How we used science to improve on agile and data-driven development
As technology progresses and new technologies proliferate, there’s a similar spike in the invention and use of buzzwords. Most of us working in software development are familiar with the term “data-driven,” but what does that actually mean? Like “agile” and “scrum,” it’s a methodology that is divergent at almost every organization.
Here at Valimail, we have applied the scientific method to development, by combining data-driven and agile methodologies in a way that has proven effective in solving real-world problems.
We first started this process when we hit a wall with our data storage. As our customer base has grown, our data has scaled accordingly and we found that the technology we were using was not keeping pace. We picked a new technology and made plans to migrate over our data and queries. Like most development organizations we plodded along, closing ticket after ticket, until we hit the testing wall. There were numerous optimizations we could choose from and our developers were spending cycles documenting various options. We realized none of the documentation mattered if we didn’t actually run any tests. And none of the results of those tests mattered if we didn’t have initial data to benchmark against (a control, if you will).

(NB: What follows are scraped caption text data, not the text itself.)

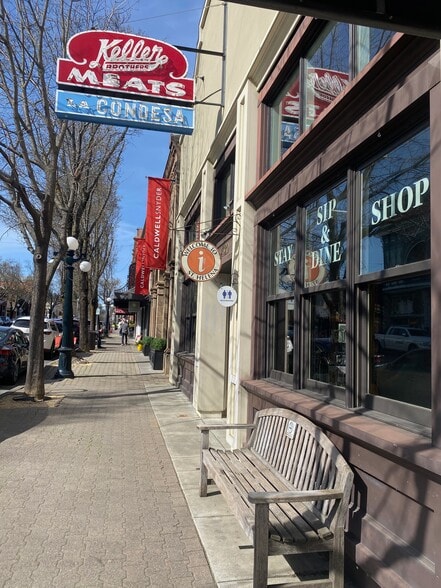 More Photos Of 1320 Main St, Saint Helena Storefront For Lease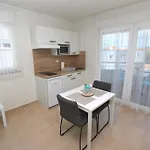 Emanuel Apartment *
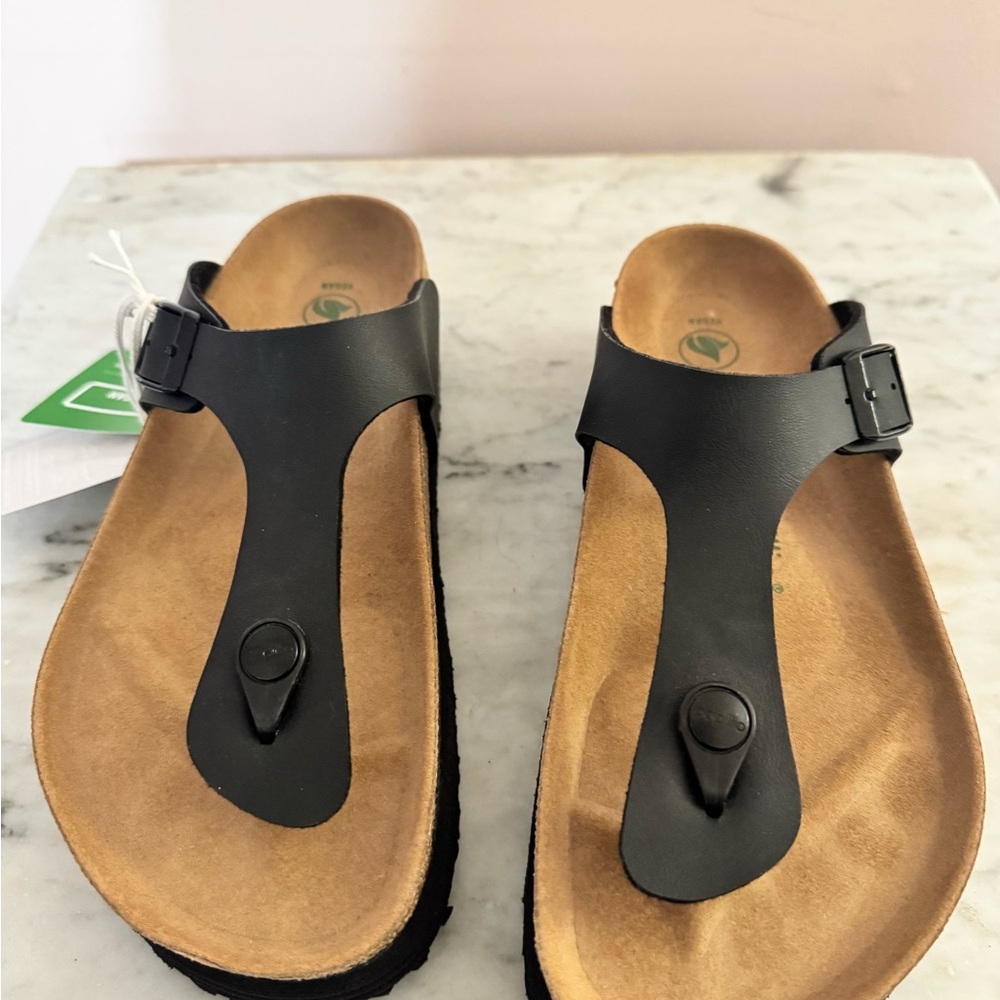 Birkenstock Black T-strap Thong Sandals with Adjustable Buckle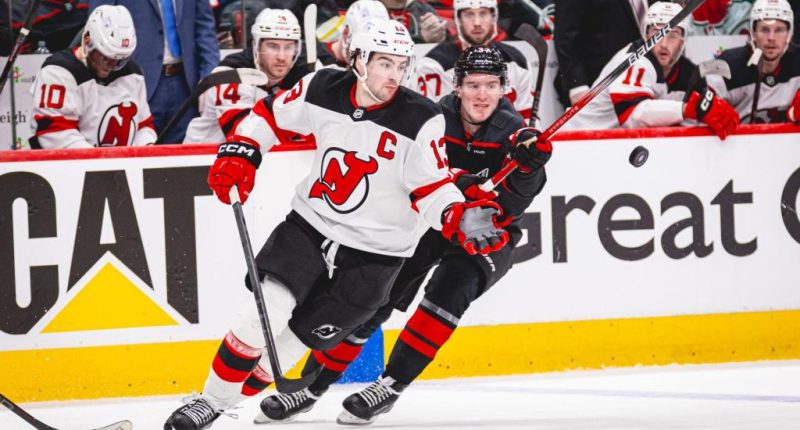 Devils vs. Hurricanes Game 2 odds, prediction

At this point, we knew we had to do something different. So we looked outside the tech world and drew upon our combined background in scientific research. There, we found a methodology better suited to our testing needs: the scientific method.
We first gathered the query and page load times running on our old database, then ran the same tests against our new data warehouse. With that, the science could begin.
One of the core tenets of the scientific method is that the results should be repeatable by anyone following the same methodology. By first developing hypotheses and then methods for testing these hypotheses, we arrive at a repeatable process with reproducible results. By sharing these within the community (in this case our development organization), we drive technology forward collaboratively.
Defining the Hypothesis
Being “data-driven” doesn’t really mean anything unless you know first what you’re trying to solve and why you’re trying to solve it. Otherwise, you have no idea what data you even care about.
For this particular project, we knew our goals were to optimize data ingestion as well as page load and query times. We looked at the various different optimization strategies and made a few hypotheses to answer our most pressing questions: First, what would be the most likely strategy to speed up data ingestion? Next, what would speed up page load and query time? Armed with hypotheses involving a variety of configurations, we got to testing, recording our results in a shared spreadsheet.
You can be scientifically-minded and follow the scientific method and not get anything done if your hypotheses and test grounds aren’t based in real world acceptance criteria. Or you can do everything agile and sprint in totally wrong directions. But by putting these two methodologies together, we found a way to make decisions very quickly. By starting with at least one hypothesis to prove or disprove and identifying methods to test that hypothesis, we found unequivocal answers to a variety of questions. We took out the guesswork and deployed our new data and improved warehouse without a single incident, with exponentially faster ingestion, query and page load times.
How to Use the Scientific Method in Development
Do you use data to drive decisions? If so, when do you gather your data and how? It’s all the rage to gather all the data all the time, and this is absolutely necessary for any application shop for debugging and incident forensics.
However, for product development, consider your metrics first. What exactly are you trying to do with this release? Which KPIs (key performance indicators) do you care most about? It is much easier to build in the instrumentation and gather the data you want to drive your decisions as you build out your new features, so consider front-loading your development as we did with a series of hypothesis, methods for testing and measuring and an idea of what success looks like.
When starting a new project, consider adding in science like so:
- Come up with a series of hypotheses about your product that you want or need to test before releasing.
- Build out a dashboard or spreadsheet with the metrics and KPIs you want to gather to help answer your hypotheses and validate that those metrics are going to actually drive development.
- Establish a baseline for your metrics by testing before introducing any changes.
- Begin testing changes, perhaps independently, to determine which change or set of changes are most useful to your project.
And now you have a truly data-driven product. Hypotheses, methods and measures help remove the feeling of flying blind that many of us in devops and product struggle with day to day.
By marrying science and agile in this manner, your team can sprint more quickly in the right direction.